Policymakers seeking to improve gender equality through public action must therefore grapple with a trade-off: define the term very specifically and perhaps increase its meaningfulness as a concrete policy goal but risk narrowing the possible impact of policy and alienating those with alternative interpretations.

Challenge 2: Designing effective policies

Policymakers can choose from different instruments to craft their response, but options are limited by calculations of what is feasible.

One choice is between ‘soft’ instruments that rely on voluntary take-up, such as benchmarking and the issuance of recommendations, and ‘hard’ instruments, which are imposed and include penalties for non-compliance.

For example, in the case of the EU, we can contrast the publication of gender equality data by the European Institute for Gender Equality, which is intended to incentivize Member States to continually strive to improve their position, with the introduction of the EU Work-Life Balance Directive, which requires Member States to introduce earmarked paternity leave.

There is a tendency for soft instruments to be associated with a weaker commitment to gender equality, held responsible for a dilution of policy efficacy over time. Our research suggests, however, that soft instruments have their uses. In particular, since they do not require strong consensus to adopt, they are easier to introduce and adapt to local circumstances. For this reason, they may also serve as a useful way to prime support across the policy community ahead of trying to introduce harder and more binding instruments.

Policymakers seeking to improve efforts to reduce gender inequality should therefore think carefully about policy design in relation to overall coherence, or the extent to which policy actions mutually reinforce each other. Seen this way, policy coherence becomes an ongoing and everyday concern about the extent to which instruments and actions work effectively together over time, rather than simply at the moment of introduction. This may involve trade-offs over instrument selection as well as policy goals, such as whether to focus on securing immediate material objectives or achieving longer-term strategic goals. 

Challenge 3: More than an implementation gap

An ‘implementation gap’ refers to the discrepancy between policy choices and actual outcomes. Thinking of the challenge of contemporary gender equality policy as an implementation gap is too reductive. It is not just that effective gender equality policy is hard to make and even harder to implement effectively. It is also that the way we make policy, and many of the people involved, actively contribute to sustaining gender inequalities.
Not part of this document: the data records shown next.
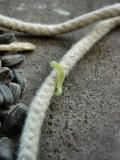 inchworm2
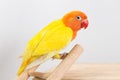 Double Yellow Lovebird Royalty Free Stock Photo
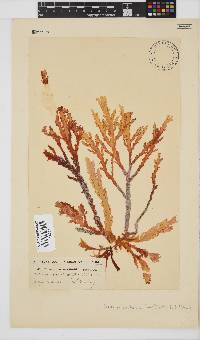 Plocamium corallorhiza image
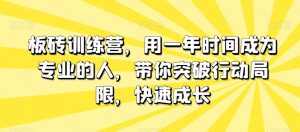 板砖训练营,用一年时间成为专业的人,带你突破行动局限,快速成长-林文副业站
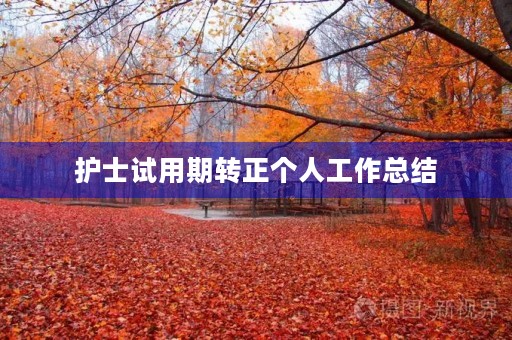 护士试用期转正个人工作总结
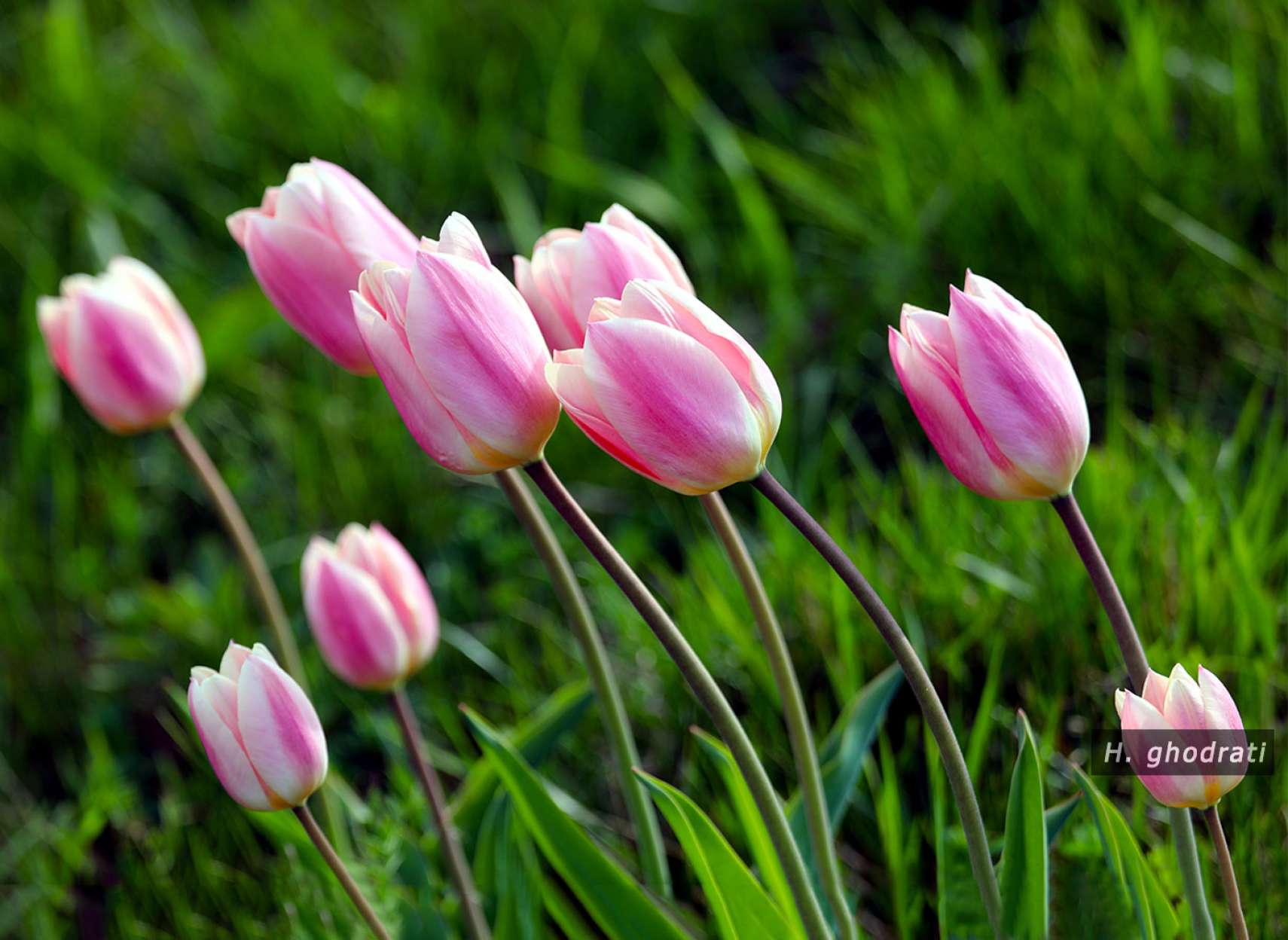 فصلی برای لاله‌های صورتی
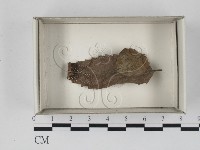 登錄號:F0018662藏品圖，第1張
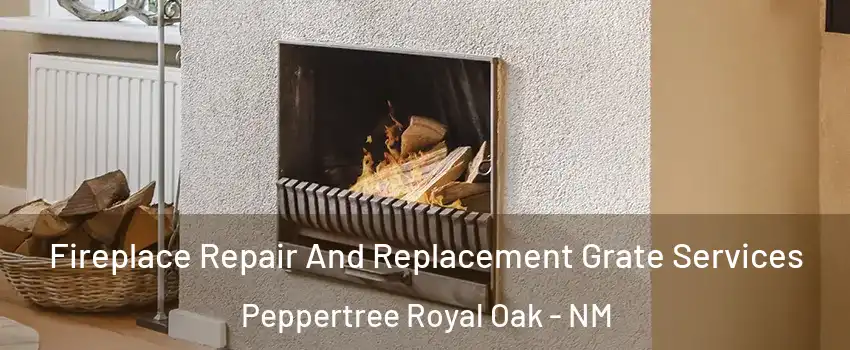 Fireplace Repair And Replacement Grate Services Peppertree Royal Oak - NM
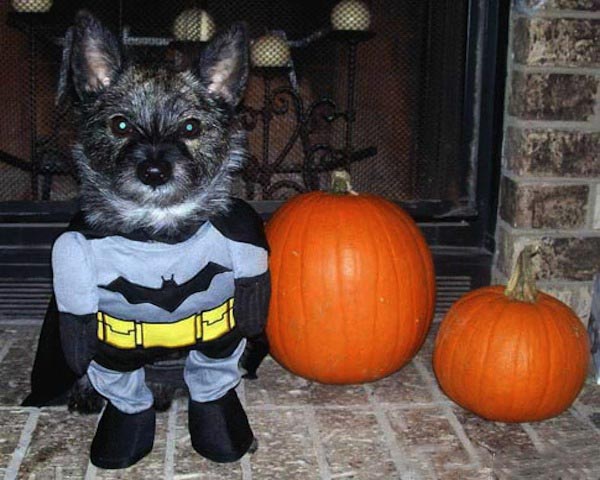 Puppy Batman Halloween Costume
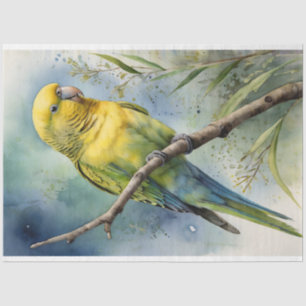 Watercolor Budgie Parakeet Decoupage Tissue Paper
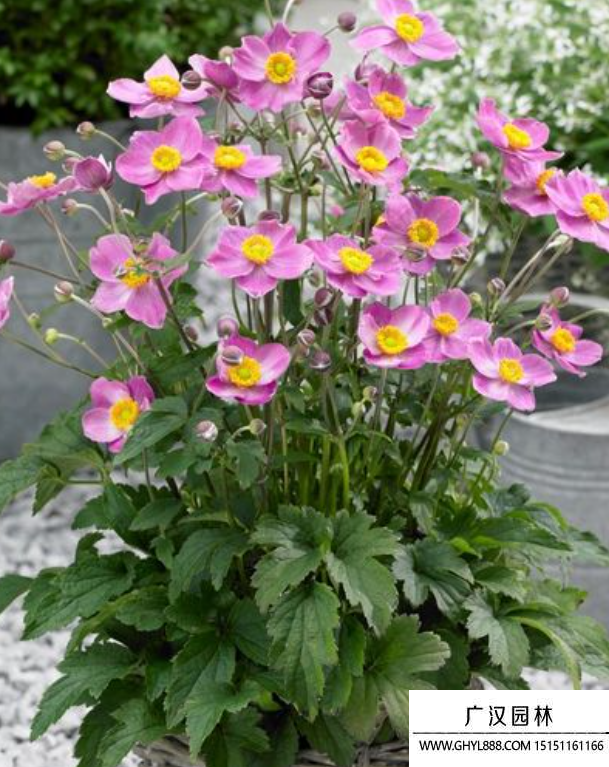銀蓮花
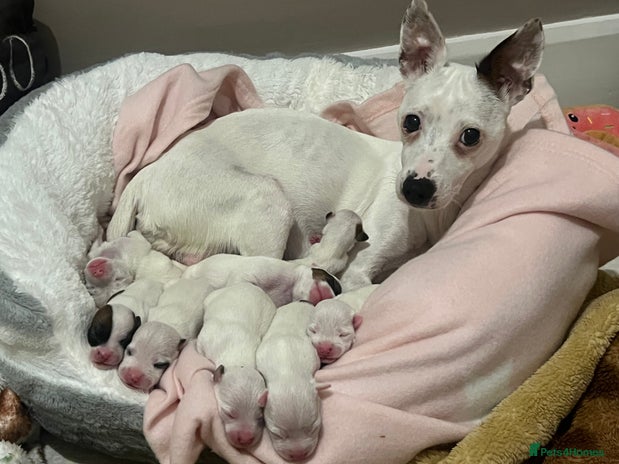 Jack Russell dogs - Advert 1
Some of this can be attributed to resistance by some policymakers to gender equality as a legitimate and desirable goal. However, a lot can be attributed to the fact that many well-intentioned policy actors have not grasped the structural nature of gender inequality. Consequently, they are ill-equipped to address inequalities and inadvertently reproduce them. This can be seen when gender equality policy takes the shape of bureaucratic  instruments and ‘tick box’ exercises rather than a more meaningful commitment to reforming the way we make and deliver policy. At the same time, making gender everybody’s business also risks making it nobody’s business if specialized equality institutions are dismantled for being redundant.

Overall, what our research suggests is that policymakers must let go of the illusion that gender equality can be achieved as a matter of mundane routine, without having to make fundamentally political decisions about big questions including: what do we mean by equality, what does it look like in practice, and are we willing to get out of our comfort zone to achieve it?